1. In this application, the respondents have prayed firstly that notice dated the 11th October, 1973, issued against them under Regulation 7 of the Restrictive Trade Practices (Enquiry) Regulations, 1970, be discharged ; and, in the alternative, they should be furnished certain particulars. The prayer with regard to discharge of the notice is not seriously pursued, but the prayer for particulars has been argued with considerable emphasis.
2. These proceedings were started by the Commission on its own information under the provisions of Section 10(a)(iv) of the Monopolies and Restrictive Trade Practices Act. The first charge is that the respondents are indulging in the practice of exclusive dealership. What is meant is that the respondents have appointed dealers who, they insist, shall not stock or sell competitive products manufactured by other producers. Mr. Desai for the respondents is satisfied with this clarification of the first charge.
3. The second charge is that the respondents are manipulating their handling and storage charges from State to State and from year to year or during parts of the same year in respect of a particular State, not because there is a change in the actual expenses, but merely with a view to prevent, distort or restrict competition. Mr. Desai has invited our attention to a judgment of the Privy Council in Bharat Dharma Syndicate Ltd. v. Harish Chandra, AIR 1937 PC 146 and a judgment of the Supreme Court in which the Privy Council judgment has been followed.
The Supreme Court's judgment is Union of India v. Pandurang Kashinath More, AIR 1962 SC 630. The proposition is that an allegation of misconduct must be precise and not vague. What Mr. Desai wants is instances of manipulation of handling and storage charges from State to State.
In our opinion, the charge itself is fairly precise and is not vague.

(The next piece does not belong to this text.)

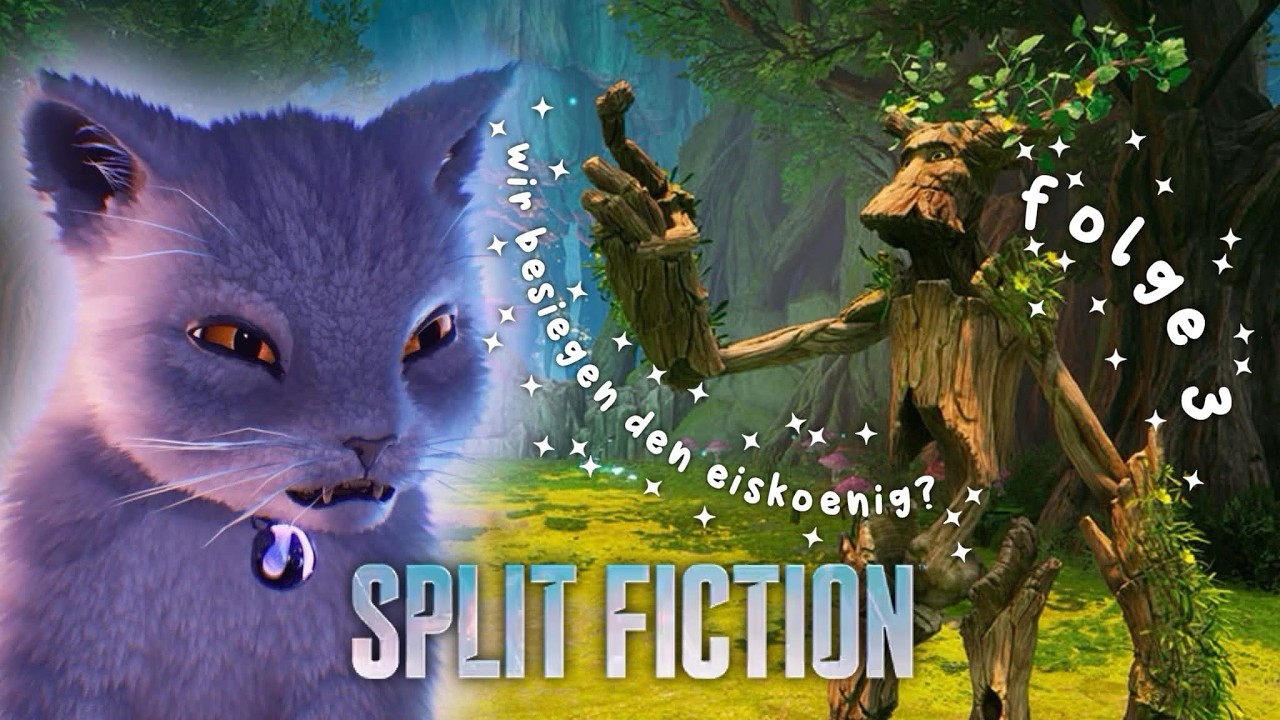 BESIEGEN WIR DEN EISKÖNIG? (nein) | Split Fiction | Folge 3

This is not the stage of disclosing evidence. The facts leading to the charge are in the possession of the respondents themselves and, if the allegations are true, they would be found from their own books of accounts. If they are not true, they could be denied by the respondents in their statement of the case. What the respondents are charged with is that they do not charge handling and storage charges in the several States of India in each year or sometimes during parts of the same year on the basis of change in the actual cost but for ulterior purpose for manipulating prices. The allegation is that the change in storage and handling charges is not based on the actual cost but storage and handling charges are increased or decreased in order to charge higher or lower prices either for running the competitor out of business or for charging as much as the market can bear. The respondents could themselves prepare a statement for the last five years of the changes in storage and handling charges in the several States of India at several times during the period and justify to the Commission that the changes were based on the reduction or increase in the actual cost or expenditure. If this cannot be justified on that basis, it would lead to certain inferences which may or may not justify the charge of manipulation at the hearing. We do not think any further particulars are necessary at this stage.
4. This application is also premature because there is a stage under Regulations 24 and 26 of the Restrictive Trade Practices (Enquiry) Regulations, 1970, at which particulars could be asked for. But as the application has been made now, we thought it would be better to dispose of the same at this stage and not leave it to a subsequent stage. We have, therefore, not dismissed it on preliminary grounds of its being premature but we have disposed of it on merits.
5. Time for filing the statement of the case is extended by three weeks from the date of this order.